Lil Peep nie żyje - przyczyny śmierci
Po śmierci rapera pojawiły się spekulacje dotyczące przyczyn tej tragedii. Nieoficjalnie mówiło się, że Lil Peep zmarł po przedawkowaniu leków uspokajających. W sieci pojawiły się też domysły, ze mogło być to samobójstwo, bo raper zmagał się z depresją i uzależnieniem. Na temat śmierci Lil Peepa postanowił wypowiedzieć się brat chłopaka.
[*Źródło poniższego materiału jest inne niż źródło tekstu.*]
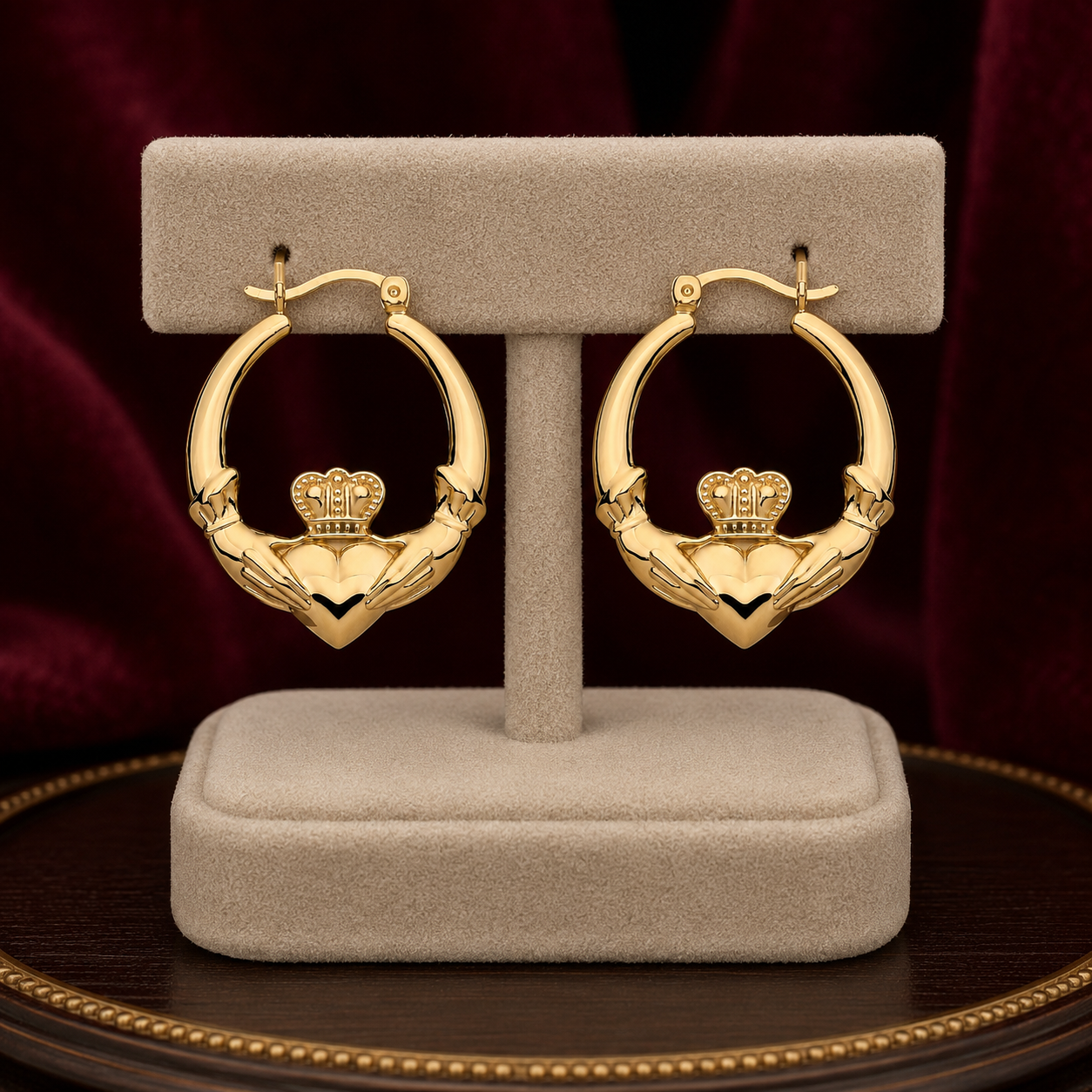 Claddagh Creole Hoop Earrings 18ct Gold on Sterling Silver 30mm 925 Hallmark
Karl Ahr zauważył, że sceniczny wizerunek jego brata, z którym związane były narkotyki i depresja, nie pokazywał tego, jaki Gustav był naprawdę, a tragiczna śmieć chłopaka była wypadkiem. - Słyszeliśmy, że wziął substancję, której nie znał. To był wypadek, naprawdę. On był bardzo szczęśliwy. Płacono mu, za udawanie smutnego, a to czyniło go popularnym. Był dumny, kiedy dowiadywał się, że jego muzyka pomogła komuś, kto myślał o samobójstwie. Nie był tak smutny, jak ludziom się wydaje. Mój brat nie brał pięciu tabletek Xanaxu każdego dnia, ale wziąłby je tylko po to, żeby pokazać to na Instagramie. Gustav radził sobie o wiele lepiej z takimi rzeczami niż Lil Peep, lecz świat nie znał Gustava, znał Lil Peepa - powiedział Karl Ahr w rozmowie z magazynem People.